Many nations have their own iconic oat-filled recipes such as Scottish oatcakes and Anzac biscuits. We in Ireland have been sneaking them into bread, crumbles, black pudding and thickening soups with oats for generations. These oat cookies have all the delicious taste of a flapjack but are not made as a tray bake – I find they do not require golden syrup or extra sugar. They have a less chewy, more crunchy texture. They are also easier to make than flapjacks as they can be stamped out into neat circular cookies (sometimes people find tray bake flapjacks difficult to cut into neat bars). Medium porridge oats work best in the recipe but you can also use jumbo oats.
ALMOND OAT COOKIES
225g softened salted butter
150g caster sugar
½-1tsp almond essence
150g self-raising flour
250g rolled porridge oats or jumbo oats (not instant oats)
1. Preheat oven to 180 degrees (fan). Line a baking tray with parchment paper.
2. In a mixing bowl, cream the butter and sugar until light and pale (you can do this with a wooden spoon if the butter is soft). Stir in the almond essence. Using your hands, first mix in the flour, then the oats until everything is well combined. Bring the dough together into a patty and refrigerate for 10 minutes.

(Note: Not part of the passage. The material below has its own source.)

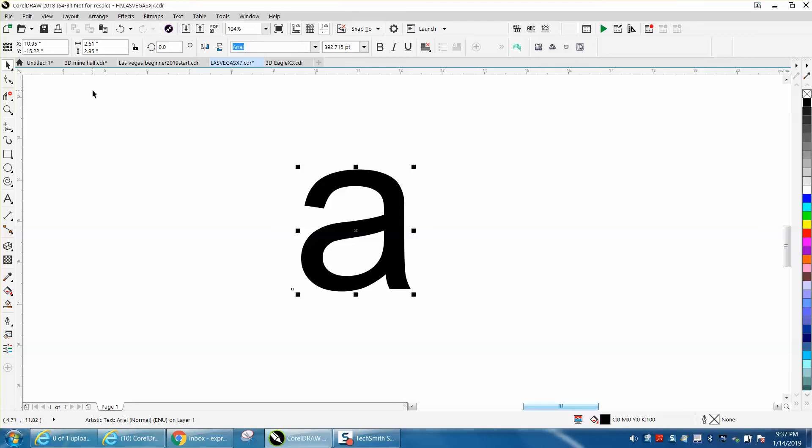Hi, it's me again with CorelDRAW tips and tricks. I just made a video using this A, and as I'm waiting for the other video to load, I thought that's a pretty cool shape - capital or a small A.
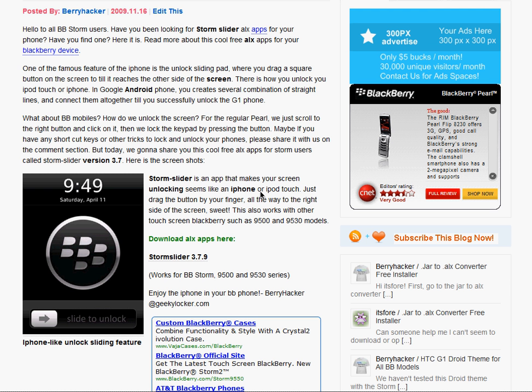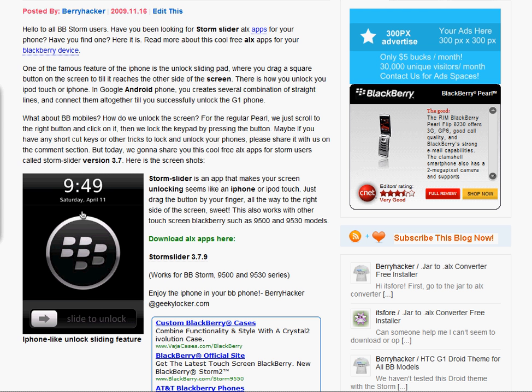And as you can see, this picture over here showing the screenshot of the Storm Slider which you have to slide to unlock the screen, the same way that you unlock iPhone.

3. On a floured work surface, roll out the cookie dough with a rolling pin (if the mixture crumbles, just press it back together with your hands. Use a medium-sized cookie cutter to stamp out cookies and evenly space them apart on the parchment paper.
4. Bake in the preheated oven for 15 minutes (it is normal that they will be quite pale in colour). Leave to cool for a few minutes before carefully lifting off the baking tray and transferring to cool fully on a wire rack.
As an alternative to an almond flavour, you can add in all sorts of other ingredients just like in any oat or muesli bar. Cinnamon is great with oats. Chocolate chips, desiccated coconut, pumpkin seeds, dried fruit and even goji berries can be worked into the oat mixture.